Top of DATA EXCERPTS
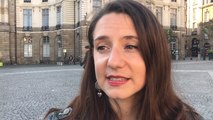150 personnes manifestent pour le droit à l’IVG, à Rennes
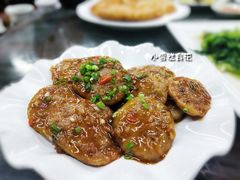 双肉酱藕饼-悦和庄餐厅(迎宾北路店)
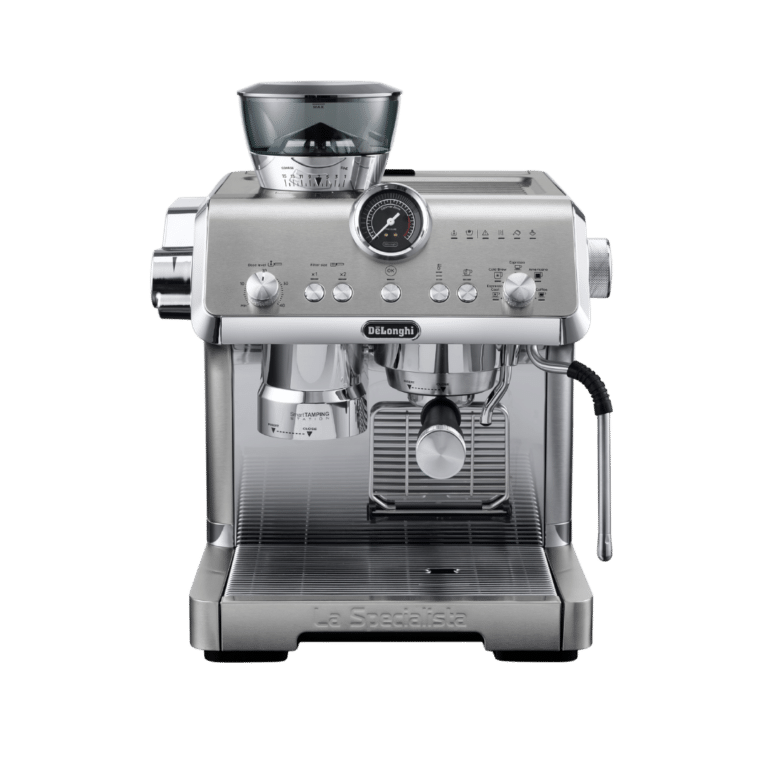 MACHINE À CAFÉ À GRAINS LA SPECIALISTA OPERA BLACK EC9555.M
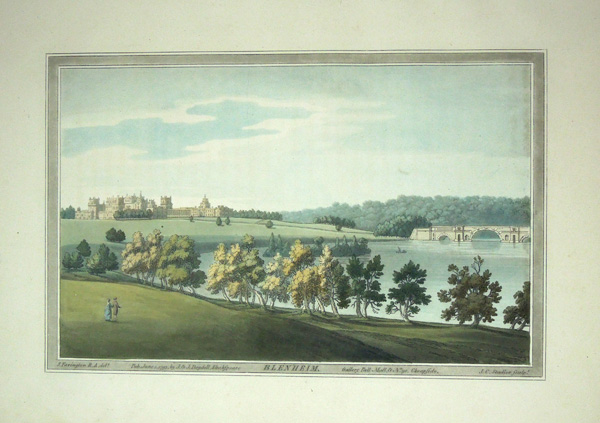 Blenheim (second view)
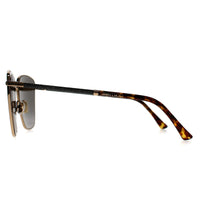 Jimmy Choo Sunglasses LAVI/S 06J HA Gold Brown Gradient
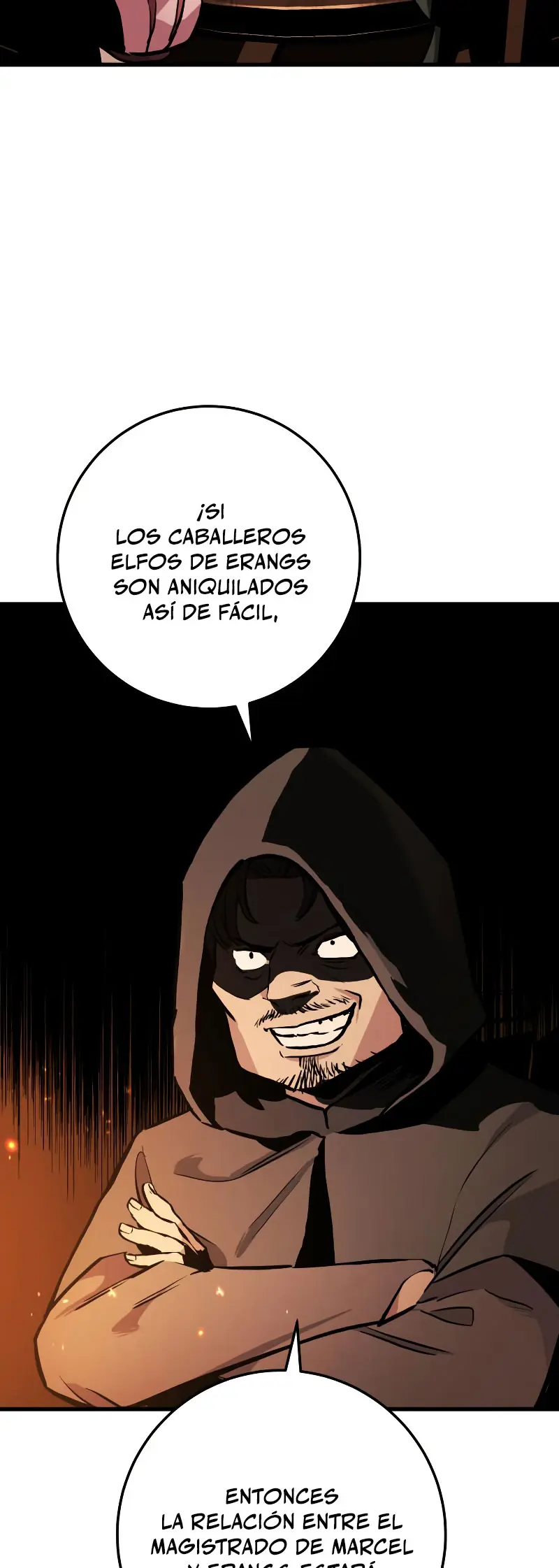 Manual de Supervivencia del Caballero Errante - Capítulo 28 - Página 4 - LectorTMOo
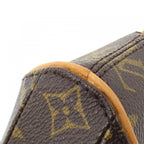 Louis Vuitton Monogram Coated Canvas Bag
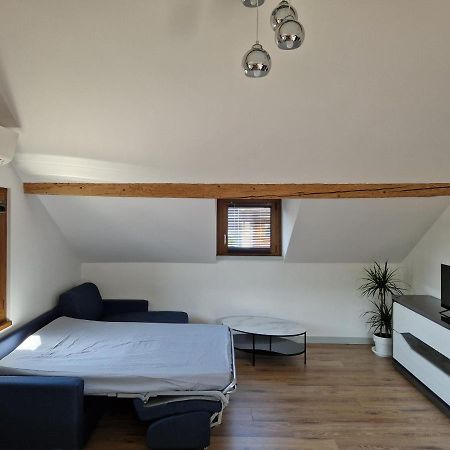 Appartement F2 A 1Mn Du Lac Publier Bagian luar foto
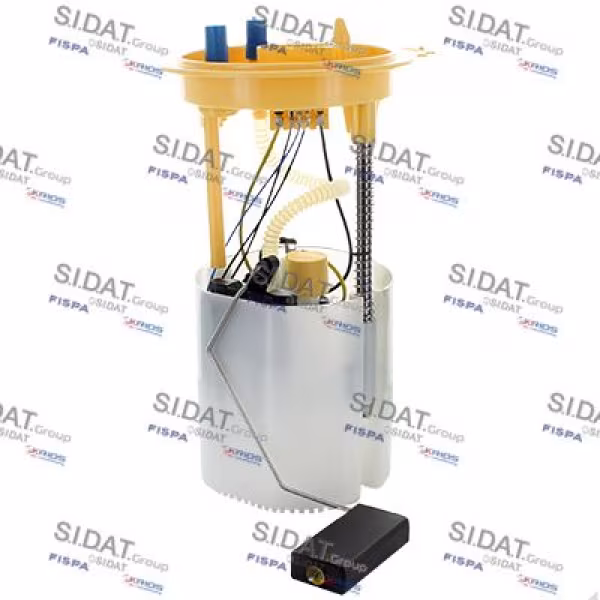 SIDAT Imp. alimentazione carburante
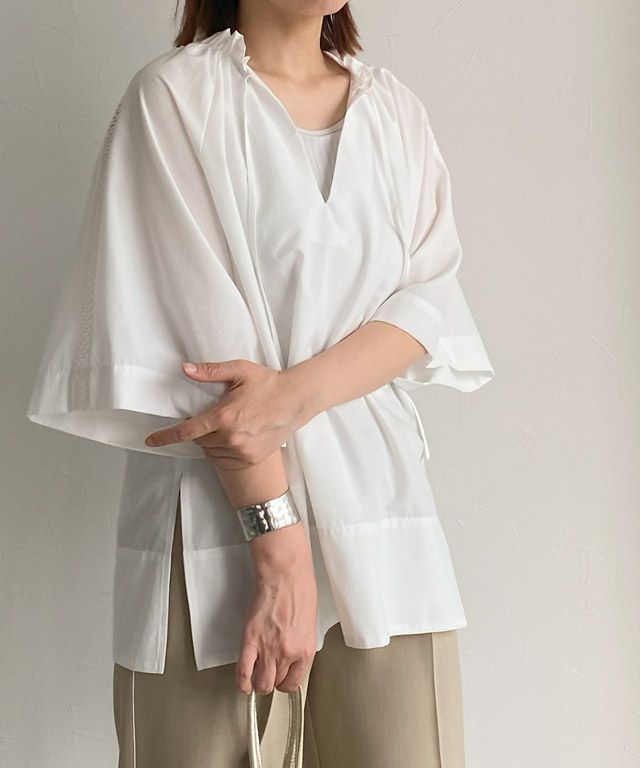 160cm / オフホワイト / M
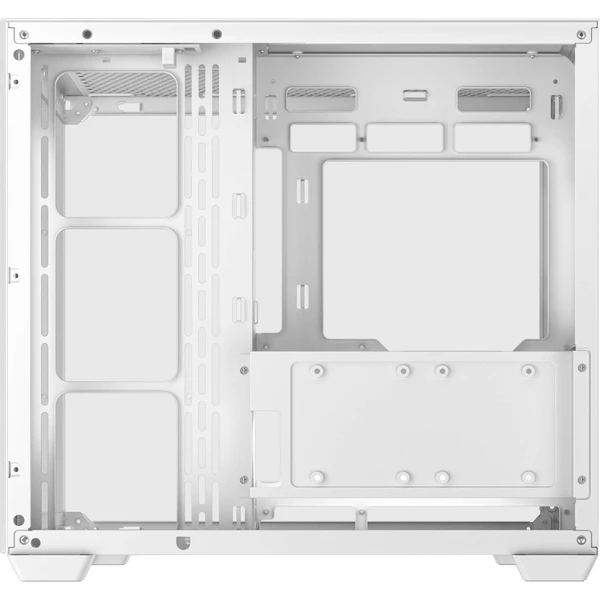 DEEPCOOL CG530 bílá - Počítačové skříně - Obrázek 0U2E000K01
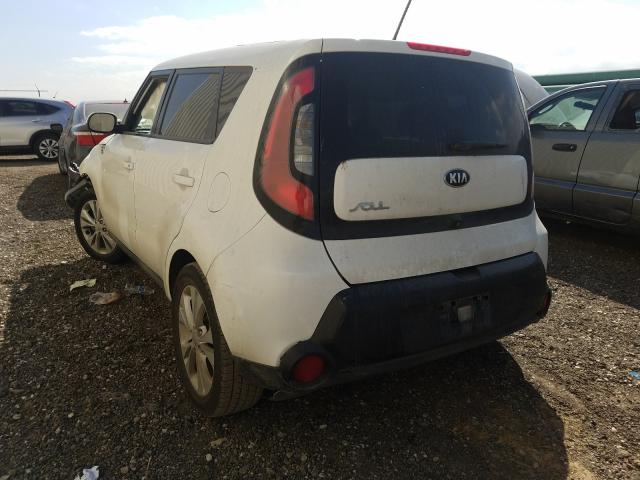 Photo 2 VIN: KNDJP3A55G7269012 - KIA SOUL + 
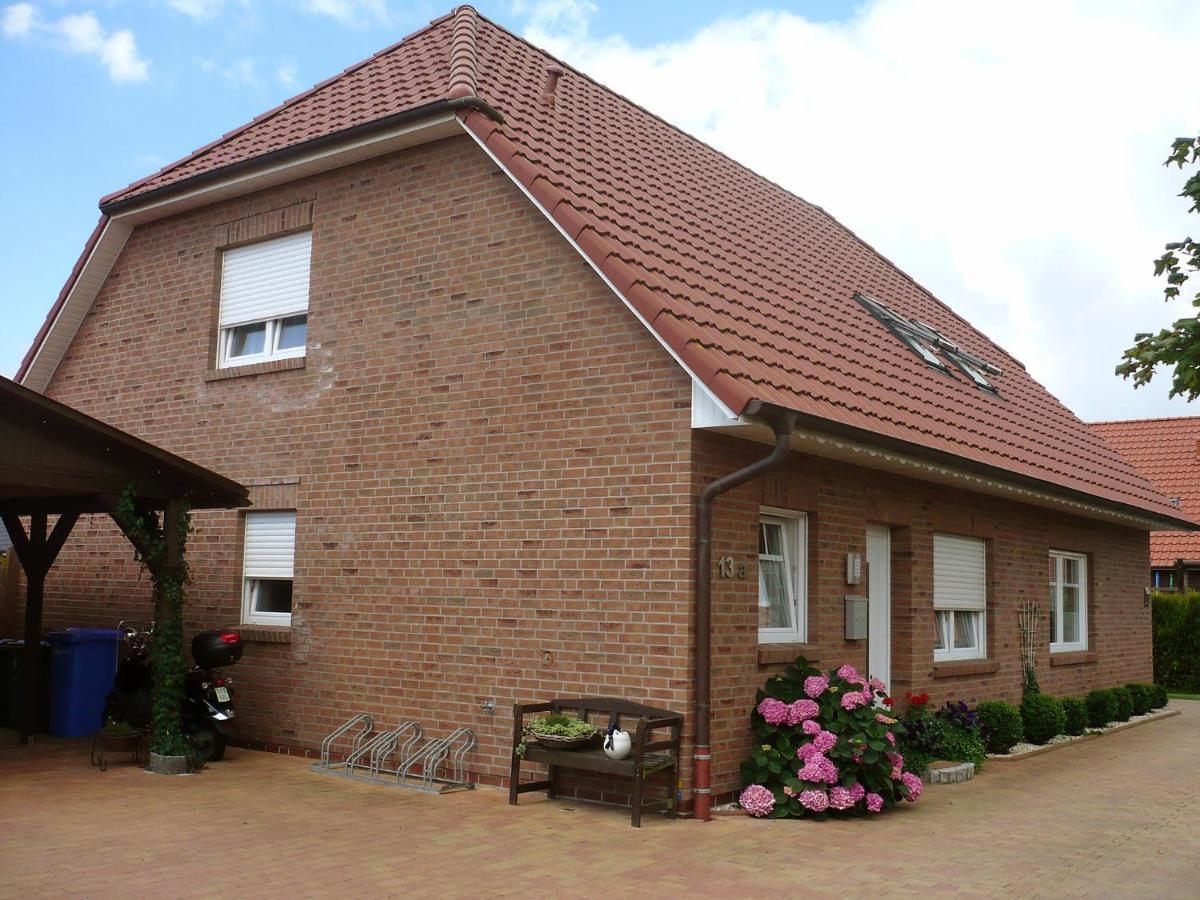 Holiday Home Reissmann By Interhome Norden Exterior foto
Bottom of DATA EXCERPTS
**REQUIRED WORK:** Repeat the records in full, exactly as they appear, but with the pictures removed.

**WRITTEN ANSWER:**
150 personnes manifestent pour le droit à l’IVG, à Rennes
 双肉酱藕饼-悦和庄餐厅(迎宾北路店)
 MACHINE À CAFÉ À GRAINS LA SPECIALISTA OPERA BLACK EC9555.M
 Blenheim (second view)
 Jimmy Choo Sunglasses LAVI/S 06J HA Gold Brown Gradient
 Manual de Supervivencia del Caballero Errante - Capítulo 28 - Página 4 - LectorTMOo
 Louis Vuitton Monogram Coated Canvas Bag
 Appartement F2 A 1Mn Du Lac Publier Bagian luar foto
 SIDAT Imp. alimentazione carburante
 160cm / オフホワイト / M
 DEEPCOOL CG530 bílá - Počítačové skříně - Obrázek 0U2E000K01
 Photo 2 VIN: KNDJP3A55G7269012 - KIA SOUL + 
 Holiday Home Reissmann By Interhome Norden Exterior foto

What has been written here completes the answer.